How to calculate circumference from any circle measurement
The circumference is the distance all the way around a circle, its perimeter. You can find it from any single measurement of the circle. From the radius r: C = 2 × pi × r. From the diameter d: C = pi × d (since d = 2r). From the area A: first recover the radius with r = sqrt(A / pi), then apply C = 2 × pi × r. From the circumference itself: you already have it, but you can find the radius with r = C / (2 × pi) and the area with A = pi × r^2. This calculator handles all four starting points so you never have to rearrange the formula by hand.
Arc length and sector area
A sector is a pie-slice of a circle defined by a central angle. The arc length (the curved edge of the slice) is simply the fraction of the full circumference: L = (theta / 360) × C, where theta is the angle in degrees. The sector area is the same fraction of the total area: S = (theta / 360) × pi × r^2. A 90-degree sector is a quarter circle, so its arc is C / 4 and its area is A / 4. Toggle on "Also calculate arc and sector" above to see these values for any angle from 0 to 360 degrees.

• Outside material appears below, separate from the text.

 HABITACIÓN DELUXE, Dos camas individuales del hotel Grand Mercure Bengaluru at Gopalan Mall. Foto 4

Circumference, area, and how they scale
Circumference and area answer different questions: circumference is a length (how far around), while area is the surface enclosed inside. Because area depends on the radius squared, it grows much faster than circumference as a circle gets larger. Doubling the radius doubles the circumference but quadruples the area. In practical work, fencing a circular garden depends on the circumference, while seeding or turfing it depends on the area. The constant pi (approximately 3.14159) is the fixed ratio of any circle's circumference to its diameter, the same for every circle regardless of size.
Metric and imperial units
The unit of the output is the same as the unit of the input. If you enter a radius in centimetres, the circumference and arc length come back in centimetres and the area in square centimetres. Switch the unit system selector to imperial if you are working in inches, feet, or yards, the formulas are identical. For very large or very small circles, you can enter the value in whatever unit is most convenient (millimetres, metres, kilometres, inches, miles) and convert the output separately if needed.

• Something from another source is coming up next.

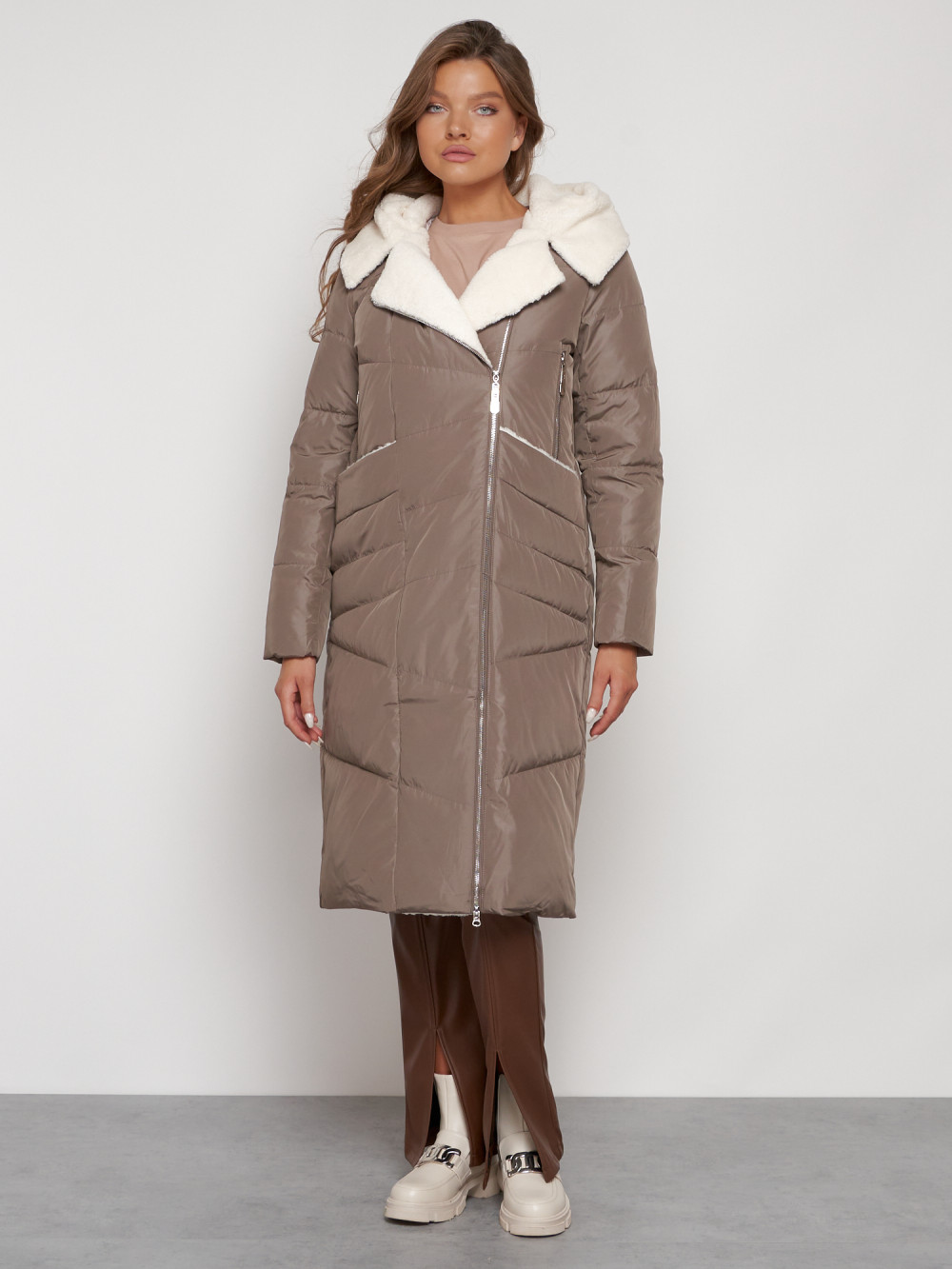 Пальто женское MTFORCE 132255 коричневое 5XL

Circle formulas at a glance
| Quantity | Formula | Rearranged to find r |
|---|---|---|
| Diameter | d = 2r | r = d / 2 |
| Circumference | C = 2 × pi × r = pi × d | r = C / (2pi) |
| Area | A = pi × r^2 | r = sqrt(A / pi) |
| Arc length | L = (theta / 360) × C | r = L / ((theta / 360) × 2pi) |
| Sector area | S = (theta / 360) × pi × r^2 | r = sqrt(S / ((theta / 360) × pi)) |
r = radius, d = diameter, A = area, C = circumference, pi ≈ 3.14159, theta = central angle in degrees
Frequently asked questions
What is the formula for the circumference of a circle?
The circumference is C = 2 × pi × r, where r is the radius, or equivalently C = pi × d, where d is the diameter. Both give the same result because the diameter is twice the radius. Pi is approximately 3.14159.

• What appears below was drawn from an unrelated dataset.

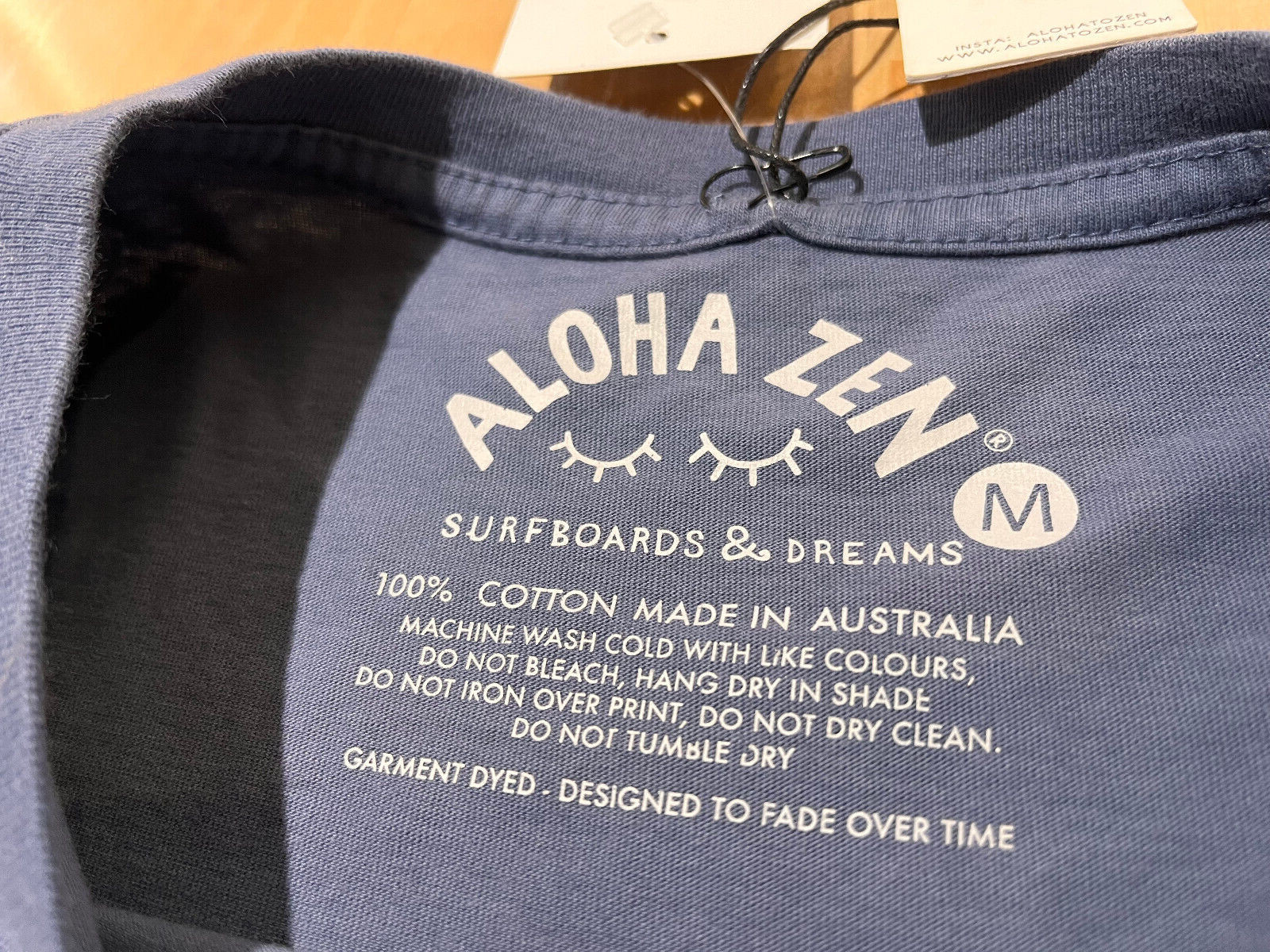 ALOHA ZEN Rainbow Slide Graphics BLUE Tshirt – Men’s Size M – NEW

How do I find the circumference if I only know the area?
First recover the radius: r = sqrt(A / pi). Then apply the circumference formula: C = 2 × pi × r. For example, if the area is 50 cm^2, r = sqrt(50 / pi) ≈ 3.989 cm and C = 2 × pi × 3.989 ≈ 25.066 cm. Select "Area" in the "Solve from" dropdown above to do this automatically.
How do I find the radius from the circumference?
Rearrange C = 2 × pi × r to get r = C / (2 × pi). For example, a circumference of 40 cm gives r = 40 / (2 × pi) ≈ 6.366 cm. Select "Circumference" in the "Solve from" dropdown to enter the circumference directly.
What is the difference between circumference and area?
Circumference is the distance around the edge of a circle (a length), found with 2 × pi × r. Area is the space enclosed inside the circle (a square-unit measurement), found with pi × r^2. Circumference scales linearly with the radius; area scales with the radius squared, so it grows much faster.
What is arc length and how is it different from circumference?
The circumference is the full distance around the circle. An arc is just part of that curve, defined by a central angle theta. Arc length = (theta / 360) × circumference. A 180-degree arc is a semicircle and equals exactly half the circumference. Use the arc and sector toggle above to compute this for any angle.
What is a sector and how do I find its area?
A sector is a pie-slice of a circle bounded by two radii and an arc. Its area is S = (theta / 360) × pi × r^2, where theta is the central angle in degrees. A 90-degree sector (a quarter circle) has an area of pi × r^2 / 4. This calculator outputs sector area when you enable the arc and sector toggle.